ACSBG2 is a Testis‐ and Brainstem‐Specific Homolog of the Acyl‐CoA Synthetase “Bubblegum”

The defective gene in the Drosophila mutant “bubblegum” encodes ACSBG1, an acyl‐CoA synthetase (ACS) whose properties have implicated it in the biochemical pathology of the genetic neurodegenerative disorder, X‐linked adrenoleukodystrophy. We cloned and characterized a homologous enzyme, ACSBG2, and investigated its properties. ACSBG2 was found only in Sertoli cells of the testis and large motoneurons of the medulla oblongata and cervical spinal cord. ACSBG2 was found in the microsome‐enriched fraction of mouse testis fractionated by differential centrifugation. When expressed in COS‐1 cells, the enzyme activated only oleic (C18:1) and linoleic (C18:2) acid substrates. The activity of human ACSBG2 was lower than that of mouse ACSBG2 when assayed at pH 7.5. We noted that a conserved active site arginine residue was in fact a histidine in the human enzyme.

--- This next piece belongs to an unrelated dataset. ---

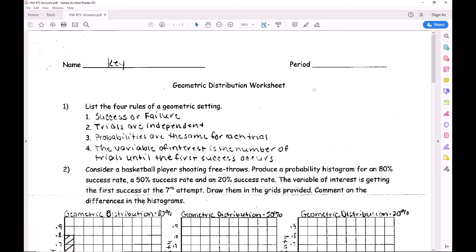We started by listing the four rules for a geometric setting. You need to know at least three of them because they're the same as binomial. I'm not going to write this all out - you can pause the video and fill in your notes yourself.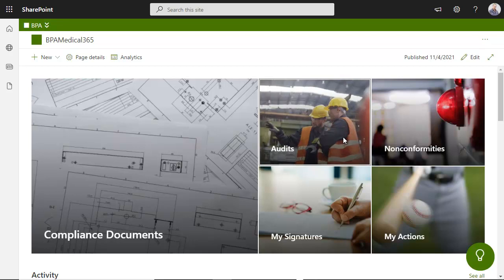BPA apps provide ultimate document management capabilities in compliance with ISO, FTA and MTA regulations by leveraging Office 365 technologies.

Examination of the pH profile of C18:1 activation revealed that the pH optimum of the human enzyme was about 6.5. In contrast, the mouse enzyme was most active at pH 7.0‐7.5. We mutated the active site histidine to arginine in human ACSBG2 and observed a shift in the pH optimum to that of the mouse enzyme. We hypothesize that this naturally occurring mutation affects catalytic function of the endogenous human enzyme. Further studies to characterize the role of ACSBG2 in testis and brainstem lipid metabolism are in progress. Supported by NIH grants NS37355 and HD10981.